Sprawdź tak czy inaczej, nawet uczciwie patrząc się na swoje życie, którego z elementów ci brakuje. Twoje życie jest wewnątrz, więc patrz do wewnątrz. Gdy brakuje ci jin, zacznij rozwijać wrażliwość, czytając np. poezję, uprawiając jakąś sztukę artystyczną. A jeśli jang, to bardziej korzystna będzie raczej sztuka walki.

Można zredukować problemy naszego życia do relacji jin-jang, kanału czerwonego i białego, przywiązania i awersji. Gdy oba kanały są oczyszczone, przejawiają się oświecone, czyste aspekty sympatii i asertywności.

Ale czasami po prostu mamy za mało rozwinięty dany aspekt. Wtedy najlepiej jest to zidentyfikować i zacząć nad sobą pracować.
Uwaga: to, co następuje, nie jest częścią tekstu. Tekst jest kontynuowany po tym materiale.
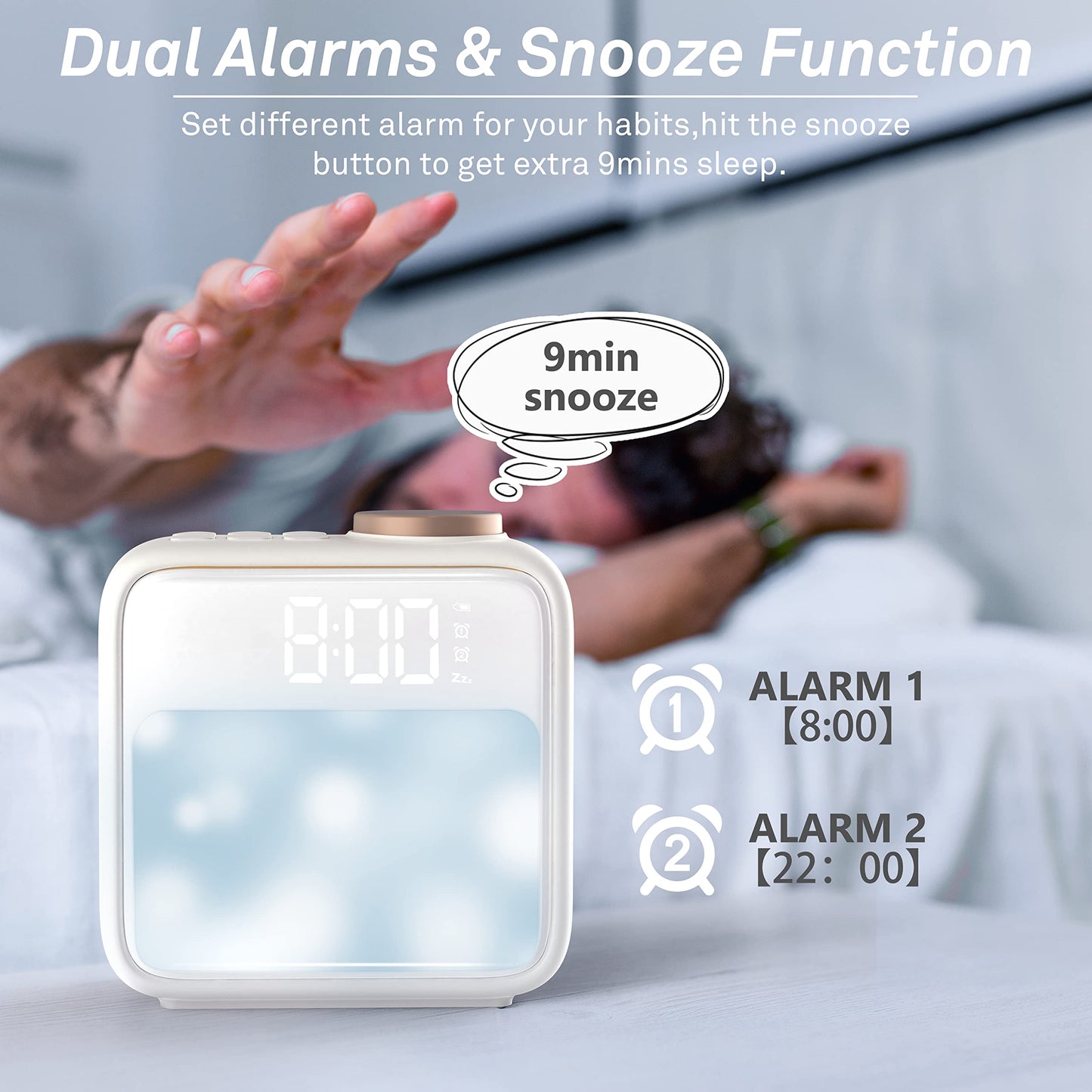 Alarm Clock Light, AIRIVO Alarm Clock for Bedrooms, 6 Scenes Simulation & 6 Soothing Sounds Wake Up Light, Dual Alarms & Snooze, for Heavy Sleepers Sleep Aid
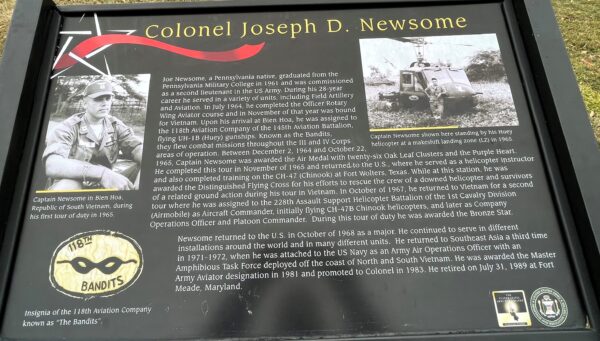 COLONEL JOSEPH D. NEWSOME WAR MEMORIAL PANEL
Kobiety, nie powinnyście być uległe swoim mężom. Mężczyźni i kobiety powinni żyć w harmonii. To oznacza, że obie strony przejawiają aspekty jin i jang, a nie że kobieta jest jedynie jin a mężczyzna jedynie jang, czyli że kobieta jest słaba, uległa, łagodna, bezbronna a mężczyzna bezwzględny, despotyczny, pełen przemocy, wywołujący lęk u kobiety.

Jeśli masz takie małżeństwo popracuj nad sobą. Cena za brak elementu jang może być tak wysoka, jak w przypadku mojej znajomej, albo jeszcze wyższa.

To nie problemy życia sprawiają, że się stresujesz, ale twoje poczucie bezradności. Gdy masz jin i jang w harmonii, jin dostarcza ci twórczych pomysłów a jang skutecznie je realizuje, nie pozwalając nikomu stanąć ci na drodze. W ten sposób, dzięki harmonii jin i jang, problem staje się wyzwaniem, a podejmowanie się wyzwań będzie twoją pasją.

Ludzie dookoła nie lubią wyzwań, wolą spokojne, proste, nudne życie, ponieważ albo brakuje im jaj (chciałem powiedzieć jang), tak że przerażają ich okoliczności, albo twórczych pomysłów i subtelnej wizji, czyli jin-tuicji.